In Fig.\ref{BVS}, we show the pipline(demonstrated on a 1D example) of BVS: Pixels are lifted into a 2D feature space (a), with two user assigned labels (red and green highlighted pixels). Values are accumulated on the vertices of a regular grid (b), a graph cut label assignment is computed on these vertices (c), and finally pixel values are sliced at at their original locations (c), showing the final segmentation (again, red and green boundaries).

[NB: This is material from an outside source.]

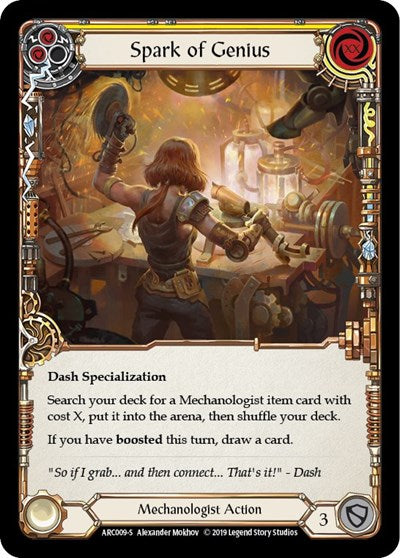 ARC Spark of Genius 1st Edition Rainbow Foil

\textbf{PML}\cite{PML} embed pixels of the same object instance into the vicinity of each other, using a fully convolutional network trained by a modified triplet loss as the embedding model. Then the annotated pixels are set as reference and the rest of the pixels are classified using a nearest-neighbor approach. The proposed method supports different kinds of user input such as segmentation mask in the first frame (semi-supervised scenario), or a sparse set of clicked points (interactive scenario). details of PML is shown in Fig.\ref{PML}.

\begin{figure}[ht]
    \centering
    \includegraphics[width=0.5\textwidth]{./figure/PML.png}
    \caption{Overview of \textbf{PML}: Here we assume the user input is provided in the form of full segmentation mask for the reference frame, but interactions of other kind are supported as well}
    \label{PML}
\end{figure}

There are several main advantages of PML: Firstly, the proposed method is highly efficient as there is no fine-tuning in test time, and it only requires a single forward pass through the embedding network and a nearest-neighbor search to process each frame. Secondly, our method provides the ﬂexibility to support different types of user input (i.e. clicked points, scribbles, segmentation masks, etc.) in an unified framework. Moreover, the embedding process is independent of user input, thus the embedding vectors do not need to be recomputed when the user input changes, which makes our method ideal for the interactive scenario.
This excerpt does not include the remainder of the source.